Publicado en Diario de Noticias de Álava el 11 de diciembre de 2012
Cuando decimos airados que algo no tiene nombre no pensamos en la cantidad de veces en que lo que no tiene nombre no es algo sino alguien. El otro día iba yo sentado en el autobús con mi hija. Mientras ella me hablaba por un lado por el otro no pude evitar oír la mitad de una conversación telefónica. Hablaban de un compañero de “centro”. Le habían encontrado muerto el día anterior. No pude entender su nombre a pesar de oírlo. La historia me conmovió, así que cuando tuve un rato miré la prensa y nada. Miré las esquelas y nada. Mire los partes policiales y nada. Ni hombre ni nombre.
Algo parecido me había pasado unas semanas antes. Fue en un bar y el nombre no solo lo entendí, sino que lo reconocí. También lo habían encontrado muerto. Tampoco dejó huella ni en prensa ni en esquelas. Distintos matices pero similares circunstancias.

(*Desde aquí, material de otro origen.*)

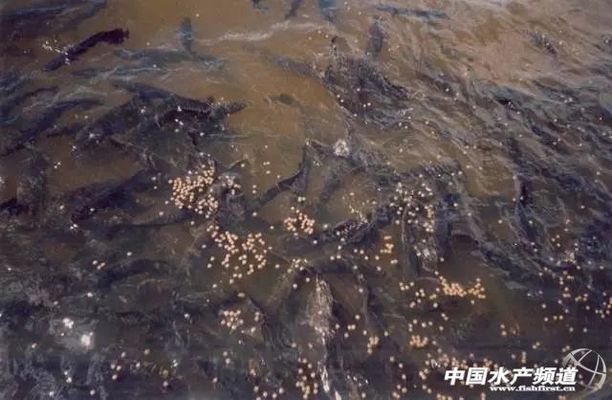 1～2cm的巨骨舌魚苗好養嗎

Todo lo que vive tiene nombre, y todo lo que pasa tiene nombre, hasta incluso lo que no lo tiene. El nombre te persigue y se te hace indispensable. El nombre es, además de todo, el cierre que ata los eslabones de la huella que dejamos. Y sin embargo, para algunos, el nombre desaparece tan pronto mueres. Los grandes hombres lo dejan escrito en plazas, calles, y edificios varios. Los medianos en esquelas y panteones y los pequeños, si acaso, en un frío legajo del registro. Y sin embargo sus vidas son tan vidas como las de los que nos glosan o glosamos. Y ahora que se nos acercan días de paz y amor a golpe de visa y de divisa no estaría mal ponerse un poco serios, que no tristes, y dedicar un poco de tinta y papel a todas esas personas que tuvieron nombre aunque no lo recordemos. Un nombre que fue suyo aunque se lo dieron otros, igual que a todos. Un nombre que no merece caer en el olvido, como la vida de toda esa gente con la que nos cruzamos y como la vida de la gente con la que ya no nos cruzaremos.